◆ WHAT IS EXPECTED ◆
All of the data below should be printed again exactly, pictures excluded.

◆ STORED DATA ◆
_ _ _ _ _

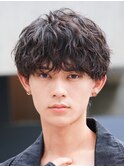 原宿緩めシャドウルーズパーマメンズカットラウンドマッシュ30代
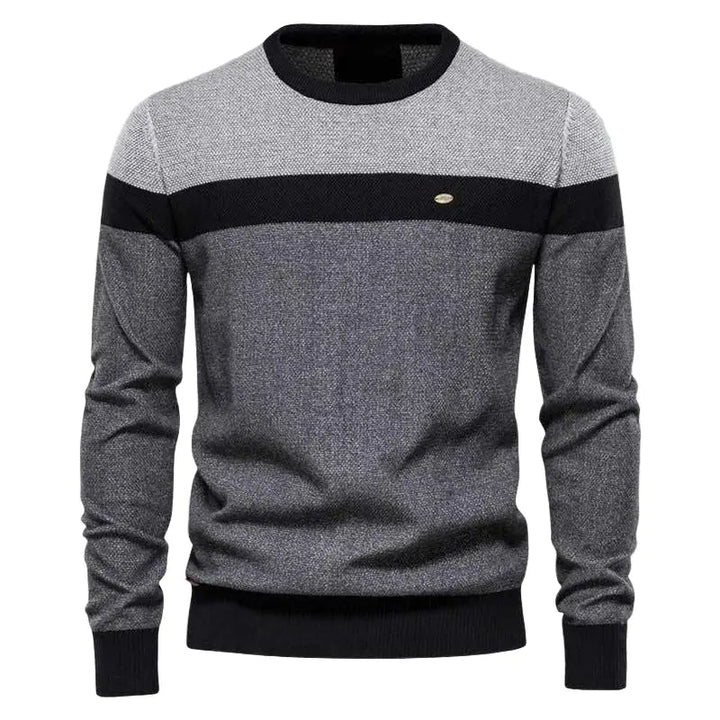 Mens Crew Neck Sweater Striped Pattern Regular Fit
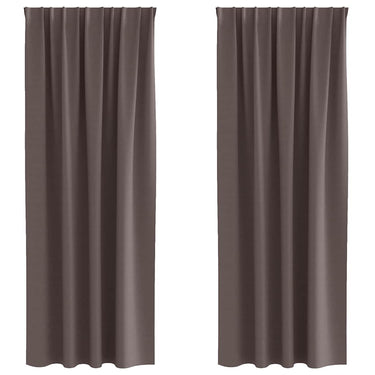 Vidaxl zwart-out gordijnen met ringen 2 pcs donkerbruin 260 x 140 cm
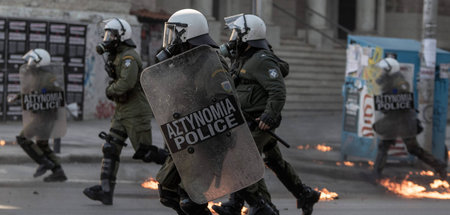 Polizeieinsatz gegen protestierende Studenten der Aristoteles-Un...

_ _ _ _ _

◆ REPLY ◆
 原宿緩めシャドウルーズパーマメンズカットラウンドマッシュ30代
 Mens Crew Neck Sweater Striped Pattern Regular Fit
 Vidaxl zwart-out gordijnen met ringen 2 pcs donkerbruin 260 x 140 cm
 Polizeieinsatz gegen protestierende Studenten der Aristoteles-Un...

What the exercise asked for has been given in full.